For both Chapters, you will need to complete a second online credit counseling course before your case is eligible for discharge. In a Chapter 7, once you attend your 341 Meeting of Creditors and complete your second credit counseling course, it is simply a matter of waiting for discharge. Your creditors will have a period of 60 days after the 341 Hearing to object to their debts being discharged in your bankruptcy. Once the 60 day period is complete, your case is eligible for discharge and it could be a few days or weeks until the court processes discharge.
In a Chapter 13, you need to make your final payment in your plan before your case will be eligible for discharge.
Most of your belongings will fall under a category of bankruptcy exemptions. In a Chapter 7 Bankruptcy, if your assets are worth less than the applicable exemption, or you have less equity in the asset than the exemption amount, you can keep it.
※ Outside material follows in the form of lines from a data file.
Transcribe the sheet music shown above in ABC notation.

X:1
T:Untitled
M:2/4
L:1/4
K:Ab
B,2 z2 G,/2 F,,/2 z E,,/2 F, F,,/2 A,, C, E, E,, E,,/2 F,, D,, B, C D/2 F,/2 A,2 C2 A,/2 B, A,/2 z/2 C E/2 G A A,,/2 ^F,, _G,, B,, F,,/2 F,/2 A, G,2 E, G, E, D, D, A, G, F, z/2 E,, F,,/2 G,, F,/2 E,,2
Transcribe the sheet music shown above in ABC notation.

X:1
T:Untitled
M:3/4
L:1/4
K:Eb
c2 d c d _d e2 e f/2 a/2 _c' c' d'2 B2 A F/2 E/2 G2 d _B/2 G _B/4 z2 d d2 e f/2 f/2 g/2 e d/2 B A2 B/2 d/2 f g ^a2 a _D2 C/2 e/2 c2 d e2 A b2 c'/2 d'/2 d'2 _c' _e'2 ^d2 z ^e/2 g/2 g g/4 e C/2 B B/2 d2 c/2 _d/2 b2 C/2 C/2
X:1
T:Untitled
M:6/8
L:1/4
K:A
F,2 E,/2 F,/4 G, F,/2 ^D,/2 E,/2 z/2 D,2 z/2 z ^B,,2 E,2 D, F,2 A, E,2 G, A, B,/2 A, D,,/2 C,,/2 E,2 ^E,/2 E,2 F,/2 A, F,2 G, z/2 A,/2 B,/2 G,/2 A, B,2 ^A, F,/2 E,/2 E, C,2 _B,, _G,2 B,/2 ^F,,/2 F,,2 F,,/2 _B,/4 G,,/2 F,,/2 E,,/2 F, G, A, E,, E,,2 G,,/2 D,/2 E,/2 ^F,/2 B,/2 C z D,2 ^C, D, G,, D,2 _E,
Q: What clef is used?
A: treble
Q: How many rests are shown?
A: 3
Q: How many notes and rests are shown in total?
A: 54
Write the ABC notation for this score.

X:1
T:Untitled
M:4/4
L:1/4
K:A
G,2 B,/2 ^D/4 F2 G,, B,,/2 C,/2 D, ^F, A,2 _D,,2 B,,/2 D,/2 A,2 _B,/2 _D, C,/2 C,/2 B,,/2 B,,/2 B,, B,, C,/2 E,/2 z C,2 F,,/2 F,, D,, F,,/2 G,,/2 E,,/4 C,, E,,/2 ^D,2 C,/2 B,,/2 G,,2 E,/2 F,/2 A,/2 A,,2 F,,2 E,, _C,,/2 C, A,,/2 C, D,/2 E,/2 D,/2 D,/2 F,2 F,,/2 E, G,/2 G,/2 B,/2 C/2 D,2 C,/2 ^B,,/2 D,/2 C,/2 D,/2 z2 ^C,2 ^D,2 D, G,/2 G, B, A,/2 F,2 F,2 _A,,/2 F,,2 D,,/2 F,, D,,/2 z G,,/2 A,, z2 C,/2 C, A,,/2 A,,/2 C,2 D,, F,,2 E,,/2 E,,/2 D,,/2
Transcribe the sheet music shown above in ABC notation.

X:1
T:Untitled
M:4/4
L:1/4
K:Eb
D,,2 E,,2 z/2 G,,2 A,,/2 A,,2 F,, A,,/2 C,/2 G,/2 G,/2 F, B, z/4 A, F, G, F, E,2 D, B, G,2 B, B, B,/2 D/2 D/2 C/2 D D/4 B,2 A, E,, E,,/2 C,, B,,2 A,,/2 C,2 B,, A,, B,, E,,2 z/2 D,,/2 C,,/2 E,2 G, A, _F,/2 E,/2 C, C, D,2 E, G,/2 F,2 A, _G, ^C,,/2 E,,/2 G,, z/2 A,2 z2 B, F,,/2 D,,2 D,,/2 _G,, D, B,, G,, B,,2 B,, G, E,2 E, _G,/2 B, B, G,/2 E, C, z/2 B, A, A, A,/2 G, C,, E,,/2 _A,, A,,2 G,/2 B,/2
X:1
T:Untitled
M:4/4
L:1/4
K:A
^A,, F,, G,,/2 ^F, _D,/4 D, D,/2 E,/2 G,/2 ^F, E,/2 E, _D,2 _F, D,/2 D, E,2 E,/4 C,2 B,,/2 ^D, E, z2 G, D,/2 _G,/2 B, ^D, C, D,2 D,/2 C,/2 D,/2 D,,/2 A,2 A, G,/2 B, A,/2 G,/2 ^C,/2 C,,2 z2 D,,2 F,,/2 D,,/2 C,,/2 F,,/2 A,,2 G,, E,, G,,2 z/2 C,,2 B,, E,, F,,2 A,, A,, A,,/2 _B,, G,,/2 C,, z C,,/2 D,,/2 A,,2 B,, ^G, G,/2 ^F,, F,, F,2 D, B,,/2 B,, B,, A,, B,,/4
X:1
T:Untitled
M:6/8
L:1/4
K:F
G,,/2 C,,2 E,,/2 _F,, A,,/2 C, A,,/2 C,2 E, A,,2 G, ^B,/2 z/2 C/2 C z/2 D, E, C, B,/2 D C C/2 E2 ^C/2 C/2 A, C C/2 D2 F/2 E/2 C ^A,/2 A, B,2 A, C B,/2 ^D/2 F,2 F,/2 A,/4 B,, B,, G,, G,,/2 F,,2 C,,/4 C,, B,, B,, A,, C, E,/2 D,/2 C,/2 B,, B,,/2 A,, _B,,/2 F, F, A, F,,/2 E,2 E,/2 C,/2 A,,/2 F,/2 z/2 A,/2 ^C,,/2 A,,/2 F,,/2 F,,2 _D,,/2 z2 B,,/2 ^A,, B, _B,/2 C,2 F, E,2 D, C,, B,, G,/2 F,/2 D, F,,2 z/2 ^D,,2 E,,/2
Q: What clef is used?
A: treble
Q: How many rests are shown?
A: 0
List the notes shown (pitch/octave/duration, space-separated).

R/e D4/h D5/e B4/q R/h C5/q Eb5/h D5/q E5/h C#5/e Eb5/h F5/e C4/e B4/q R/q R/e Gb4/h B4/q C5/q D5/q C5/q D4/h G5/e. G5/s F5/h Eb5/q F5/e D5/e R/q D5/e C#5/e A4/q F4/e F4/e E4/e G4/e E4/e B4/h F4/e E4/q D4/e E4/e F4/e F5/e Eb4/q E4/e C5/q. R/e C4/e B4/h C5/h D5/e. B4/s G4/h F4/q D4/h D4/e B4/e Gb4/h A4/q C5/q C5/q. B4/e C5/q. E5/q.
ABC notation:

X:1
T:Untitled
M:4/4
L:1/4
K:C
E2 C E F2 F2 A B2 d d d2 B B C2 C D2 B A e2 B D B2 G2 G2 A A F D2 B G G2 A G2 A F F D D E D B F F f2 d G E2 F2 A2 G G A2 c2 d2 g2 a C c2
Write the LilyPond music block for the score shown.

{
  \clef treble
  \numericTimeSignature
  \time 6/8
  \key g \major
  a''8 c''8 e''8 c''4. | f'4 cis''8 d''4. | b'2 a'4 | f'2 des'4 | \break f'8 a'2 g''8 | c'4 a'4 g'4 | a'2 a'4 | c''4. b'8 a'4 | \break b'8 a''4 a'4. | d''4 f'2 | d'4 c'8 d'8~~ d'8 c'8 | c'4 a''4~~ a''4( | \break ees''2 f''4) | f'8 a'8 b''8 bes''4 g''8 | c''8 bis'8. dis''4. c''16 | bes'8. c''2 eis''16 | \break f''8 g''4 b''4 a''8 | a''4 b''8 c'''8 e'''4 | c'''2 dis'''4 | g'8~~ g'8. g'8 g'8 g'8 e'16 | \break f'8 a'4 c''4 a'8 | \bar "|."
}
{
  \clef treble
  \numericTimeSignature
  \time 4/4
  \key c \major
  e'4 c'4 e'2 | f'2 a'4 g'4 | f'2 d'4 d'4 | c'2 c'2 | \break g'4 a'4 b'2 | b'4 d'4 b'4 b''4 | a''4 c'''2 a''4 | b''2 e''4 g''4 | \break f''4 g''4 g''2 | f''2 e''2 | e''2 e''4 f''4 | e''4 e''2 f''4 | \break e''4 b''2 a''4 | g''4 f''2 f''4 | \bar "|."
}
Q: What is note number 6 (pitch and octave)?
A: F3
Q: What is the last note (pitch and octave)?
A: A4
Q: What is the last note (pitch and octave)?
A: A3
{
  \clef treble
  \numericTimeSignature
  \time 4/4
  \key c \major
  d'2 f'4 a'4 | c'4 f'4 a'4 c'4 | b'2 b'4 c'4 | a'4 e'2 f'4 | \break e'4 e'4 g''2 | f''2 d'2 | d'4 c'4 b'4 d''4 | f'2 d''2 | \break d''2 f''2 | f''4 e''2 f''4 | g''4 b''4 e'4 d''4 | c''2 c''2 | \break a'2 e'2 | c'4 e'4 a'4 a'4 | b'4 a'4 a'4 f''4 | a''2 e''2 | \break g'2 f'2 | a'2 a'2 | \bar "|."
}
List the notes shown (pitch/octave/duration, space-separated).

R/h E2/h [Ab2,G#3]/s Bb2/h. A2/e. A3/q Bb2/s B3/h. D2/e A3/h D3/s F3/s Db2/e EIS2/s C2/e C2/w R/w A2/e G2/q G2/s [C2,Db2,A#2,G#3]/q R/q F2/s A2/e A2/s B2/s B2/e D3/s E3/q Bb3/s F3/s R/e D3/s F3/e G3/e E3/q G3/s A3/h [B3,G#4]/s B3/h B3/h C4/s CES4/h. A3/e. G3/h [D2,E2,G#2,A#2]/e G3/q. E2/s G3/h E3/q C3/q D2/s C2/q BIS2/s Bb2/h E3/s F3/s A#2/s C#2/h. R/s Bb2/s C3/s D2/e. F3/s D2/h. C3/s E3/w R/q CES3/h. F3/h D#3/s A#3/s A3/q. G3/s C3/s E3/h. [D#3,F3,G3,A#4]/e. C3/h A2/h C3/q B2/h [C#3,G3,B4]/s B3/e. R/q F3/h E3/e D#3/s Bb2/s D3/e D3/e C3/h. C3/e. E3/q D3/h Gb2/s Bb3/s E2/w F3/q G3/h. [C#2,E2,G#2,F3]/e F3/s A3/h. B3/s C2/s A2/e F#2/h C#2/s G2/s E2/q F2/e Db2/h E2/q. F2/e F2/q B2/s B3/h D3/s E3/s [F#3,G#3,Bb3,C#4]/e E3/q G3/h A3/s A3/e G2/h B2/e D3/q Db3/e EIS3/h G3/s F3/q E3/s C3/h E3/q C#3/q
Some common bankruptcy exemptions used in Nevada are:
· Artwork, jewelry, musical instruments, and personal libraries: $5,000
· Farm tools and equipment: $4,500
· Household goods, furnishings, etc.: $12,000
· Wild card: $1,000
The exemption restrictions don’t apply in a Chapter 13 Bankruptcy.
For Chapter 7 Bankruptcy filers, the exemption limit for a motor vehicle in Nevada is $15,000. Check with your attorney to estimate the true value of your car and to confirm that you will be using Nevada exemptions.
For Chapter 13 Bankruptcy filers, the exemption limit doesn’t apply. If you are behind on your car payments and fear repossession, a Chapter 13 will spread your arrearages, along with the rest of the balance on your loan and some other debts, over your payment plan.
You can keep your home in a Chapter 7 bankruptcy if it is below your state’s exemption amount. In Nevada, the homestead exemption is $550,000. Your home may be worth more than $550,000 as long as you don’t have more than that amount of equity in the home. If you are in a Chapter 7 with more than $550,000 equity in your home, the trustee may order the sale of your home and contribute the excess amount to your bankruptcy creditors.
If you are behind on your mortgage payments and are worried about foreclosure, a Chapter 13 Bankruptcy may help you save your home. This Chapter allows you to spread out the past-due balance of your mortgage over the life of your payment plan, or 3-5 years. While your case is active, your creditors can’t repossess or foreclose your property.